* AIM OF THE EXERCISE
Please repeat the lines below, exactly and only, from the one that holds "Photo of Livingroom in Dunkirk" through the one that holds "The Elder Scrolls".
[GIVEN DATA — start]
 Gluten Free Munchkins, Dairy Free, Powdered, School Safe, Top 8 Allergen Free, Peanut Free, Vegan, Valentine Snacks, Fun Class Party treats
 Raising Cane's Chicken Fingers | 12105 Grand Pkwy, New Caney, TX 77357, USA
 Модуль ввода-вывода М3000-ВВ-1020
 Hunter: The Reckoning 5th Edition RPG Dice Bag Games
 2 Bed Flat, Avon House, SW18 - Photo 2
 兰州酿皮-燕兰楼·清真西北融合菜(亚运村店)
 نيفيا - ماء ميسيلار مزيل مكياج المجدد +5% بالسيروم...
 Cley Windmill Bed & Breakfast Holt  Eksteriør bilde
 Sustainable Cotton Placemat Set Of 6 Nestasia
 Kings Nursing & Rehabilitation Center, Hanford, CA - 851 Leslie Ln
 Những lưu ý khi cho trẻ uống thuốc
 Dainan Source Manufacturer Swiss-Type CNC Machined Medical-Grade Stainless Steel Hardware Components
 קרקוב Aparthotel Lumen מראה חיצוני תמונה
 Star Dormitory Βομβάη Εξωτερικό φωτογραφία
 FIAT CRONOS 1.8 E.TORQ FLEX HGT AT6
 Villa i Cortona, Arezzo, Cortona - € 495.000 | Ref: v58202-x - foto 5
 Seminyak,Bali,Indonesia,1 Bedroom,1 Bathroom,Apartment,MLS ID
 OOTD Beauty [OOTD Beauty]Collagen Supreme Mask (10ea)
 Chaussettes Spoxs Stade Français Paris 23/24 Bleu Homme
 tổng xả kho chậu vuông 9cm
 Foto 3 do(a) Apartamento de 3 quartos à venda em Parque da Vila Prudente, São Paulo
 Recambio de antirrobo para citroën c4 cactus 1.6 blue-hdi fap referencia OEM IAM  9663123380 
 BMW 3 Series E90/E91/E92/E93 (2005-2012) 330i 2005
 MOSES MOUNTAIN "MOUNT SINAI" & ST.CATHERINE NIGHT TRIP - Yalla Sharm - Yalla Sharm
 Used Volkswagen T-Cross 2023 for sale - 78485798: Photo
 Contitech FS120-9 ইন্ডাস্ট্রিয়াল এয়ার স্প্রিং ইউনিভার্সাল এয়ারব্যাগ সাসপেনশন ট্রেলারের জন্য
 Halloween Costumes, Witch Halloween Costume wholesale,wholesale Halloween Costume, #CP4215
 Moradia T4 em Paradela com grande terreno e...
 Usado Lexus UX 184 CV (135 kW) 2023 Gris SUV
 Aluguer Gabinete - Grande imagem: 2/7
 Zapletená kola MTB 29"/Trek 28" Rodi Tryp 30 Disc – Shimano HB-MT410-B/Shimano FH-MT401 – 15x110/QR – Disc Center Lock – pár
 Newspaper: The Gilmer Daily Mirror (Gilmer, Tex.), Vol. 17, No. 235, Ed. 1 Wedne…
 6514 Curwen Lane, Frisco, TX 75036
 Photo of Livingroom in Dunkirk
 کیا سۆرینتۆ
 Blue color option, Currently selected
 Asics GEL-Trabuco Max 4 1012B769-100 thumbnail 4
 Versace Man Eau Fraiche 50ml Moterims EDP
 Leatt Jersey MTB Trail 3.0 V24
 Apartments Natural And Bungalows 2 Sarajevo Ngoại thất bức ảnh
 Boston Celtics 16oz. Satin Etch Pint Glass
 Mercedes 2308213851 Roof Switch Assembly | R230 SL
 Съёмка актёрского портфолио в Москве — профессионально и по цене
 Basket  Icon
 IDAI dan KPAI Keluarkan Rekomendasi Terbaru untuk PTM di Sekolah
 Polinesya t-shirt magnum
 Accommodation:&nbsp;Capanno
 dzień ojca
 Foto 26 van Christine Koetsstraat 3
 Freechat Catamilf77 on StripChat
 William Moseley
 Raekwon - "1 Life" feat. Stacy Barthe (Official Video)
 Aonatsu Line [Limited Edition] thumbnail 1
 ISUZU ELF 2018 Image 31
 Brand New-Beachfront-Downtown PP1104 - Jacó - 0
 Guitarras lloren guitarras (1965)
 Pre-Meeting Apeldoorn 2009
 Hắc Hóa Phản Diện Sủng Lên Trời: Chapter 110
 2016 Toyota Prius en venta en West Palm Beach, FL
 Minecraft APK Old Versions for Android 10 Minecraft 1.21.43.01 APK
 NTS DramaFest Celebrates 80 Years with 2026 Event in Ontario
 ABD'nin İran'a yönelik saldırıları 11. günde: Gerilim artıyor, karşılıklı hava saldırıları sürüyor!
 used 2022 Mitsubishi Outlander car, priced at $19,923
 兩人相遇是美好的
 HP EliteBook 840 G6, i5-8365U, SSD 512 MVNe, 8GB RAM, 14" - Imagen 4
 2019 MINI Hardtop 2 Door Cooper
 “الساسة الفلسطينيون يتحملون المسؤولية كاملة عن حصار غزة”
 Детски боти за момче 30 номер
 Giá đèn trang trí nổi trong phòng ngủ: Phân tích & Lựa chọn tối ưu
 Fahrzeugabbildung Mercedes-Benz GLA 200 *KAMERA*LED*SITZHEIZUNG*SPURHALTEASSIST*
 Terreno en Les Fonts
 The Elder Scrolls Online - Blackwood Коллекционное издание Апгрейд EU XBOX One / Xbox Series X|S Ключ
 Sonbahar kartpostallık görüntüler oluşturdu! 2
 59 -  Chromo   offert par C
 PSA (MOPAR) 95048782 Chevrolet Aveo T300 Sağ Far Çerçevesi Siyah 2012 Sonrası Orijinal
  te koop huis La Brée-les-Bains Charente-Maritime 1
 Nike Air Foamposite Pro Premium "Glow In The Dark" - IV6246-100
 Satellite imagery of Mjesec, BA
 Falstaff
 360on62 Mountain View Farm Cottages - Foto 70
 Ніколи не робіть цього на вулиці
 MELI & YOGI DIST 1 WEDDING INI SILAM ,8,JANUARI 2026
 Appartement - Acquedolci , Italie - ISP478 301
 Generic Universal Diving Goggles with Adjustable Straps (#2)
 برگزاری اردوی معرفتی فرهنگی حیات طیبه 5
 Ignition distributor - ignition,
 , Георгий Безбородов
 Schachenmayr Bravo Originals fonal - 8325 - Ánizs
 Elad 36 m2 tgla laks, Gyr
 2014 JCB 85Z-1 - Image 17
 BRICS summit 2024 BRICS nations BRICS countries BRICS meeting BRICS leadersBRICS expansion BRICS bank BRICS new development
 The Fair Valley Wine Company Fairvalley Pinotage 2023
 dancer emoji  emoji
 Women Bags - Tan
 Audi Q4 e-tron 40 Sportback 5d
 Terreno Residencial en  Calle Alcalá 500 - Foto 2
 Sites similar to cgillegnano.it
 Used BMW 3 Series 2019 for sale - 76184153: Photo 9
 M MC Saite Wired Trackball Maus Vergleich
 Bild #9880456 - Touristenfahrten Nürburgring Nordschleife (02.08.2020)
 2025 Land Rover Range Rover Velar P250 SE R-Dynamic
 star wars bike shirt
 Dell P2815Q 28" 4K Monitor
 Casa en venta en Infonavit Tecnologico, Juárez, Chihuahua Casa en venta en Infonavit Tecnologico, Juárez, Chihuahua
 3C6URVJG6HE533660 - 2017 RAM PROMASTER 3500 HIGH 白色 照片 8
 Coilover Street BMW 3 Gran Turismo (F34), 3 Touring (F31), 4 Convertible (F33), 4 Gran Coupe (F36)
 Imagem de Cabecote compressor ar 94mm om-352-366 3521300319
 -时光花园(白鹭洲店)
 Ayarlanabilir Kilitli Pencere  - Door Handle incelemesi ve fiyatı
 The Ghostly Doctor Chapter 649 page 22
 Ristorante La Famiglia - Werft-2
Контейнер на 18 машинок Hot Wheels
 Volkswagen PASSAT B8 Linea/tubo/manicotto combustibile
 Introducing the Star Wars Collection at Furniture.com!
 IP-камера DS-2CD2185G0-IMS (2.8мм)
[GIVEN DATA — finish]
* EXERCISE ANSWER
 Photo of Livingroom in Dunkirk
 کیا سۆرینتۆ
 Blue color option, Currently selected
 Asics GEL-Trabuco Max 4 1012B769-100 thumbnail 4
 Versace Man Eau Fraiche 50ml Moterims EDP
 Leatt Jersey MTB Trail 3.0 V24
 Apartments Natural And Bungalows 2 Sarajevo Ngoại thất bức ảnh
 Boston Celtics 16oz. Satin Etch Pint Glass
 Mercedes 2308213851 Roof Switch Assembly | R230 SL
 Съёмка актёрского портфолио в Москве — профессионально и по цене
 Basket  Icon
 IDAI dan KPAI Keluarkan Rekomendasi Terbaru untuk PTM di Sekolah
 Polinesya t-shirt magnum
 Accommodation:&nbsp;Capanno
 dzień ojca
 Foto 26 van Christine Koetsstraat 3
 Freechat Catamilf77 on StripChat
 William Moseley
 Raekwon - "1 Life" feat. Stacy Barthe (Official Video)
 Aonatsu Line [Limited Edition] thumbnail 1
 ISUZU ELF 2018 Image 31
 Brand New-Beachfront-Downtown PP1104 - Jacó - 0
 Guitarras lloren guitarras (1965)
 Pre-Meeting Apeldoorn 2009
 Hắc Hóa Phản Diện Sủng Lên Trời: Chapter 110
 2016 Toyota Prius en venta en West Palm Beach, FL
 Minecraft APK Old Versions for Android 10 Minecraft 1.21.43.01 APK
 NTS DramaFest Celebrates 80 Years with 2026 Event in Ontario
 ABD'nin İran'a yönelik saldırıları 11. günde: Gerilim artıyor, karşılıklı hava saldırıları sürüyor!
 used 2022 Mitsubishi Outlander car, priced at $19,923
 兩人相遇是美好的
 HP EliteBook 840 G6, i5-8365U, SSD 512 MVNe, 8GB RAM, 14" - Imagen 4
 2019 MINI Hardtop 2 Door Cooper
 “الساسة الفلسطينيون يتحملون المسؤولية كاملة عن حصار غزة”
 Детски боти за момче 30 номер
 Giá đèn trang trí nổi trong phòng ngủ: Phân tích & Lựa chọn tối ưu
 Fahrzeugabbildung Mercedes-Benz GLA 200 *KAMERA*LED*SITZHEIZUNG*SPURHALTEASSIST*
 Terreno en Les Fonts
 The Elder Scrolls Online - Blackwood Коллекционное издание Апгрейд EU XBOX One / Xbox Series X|S Ключ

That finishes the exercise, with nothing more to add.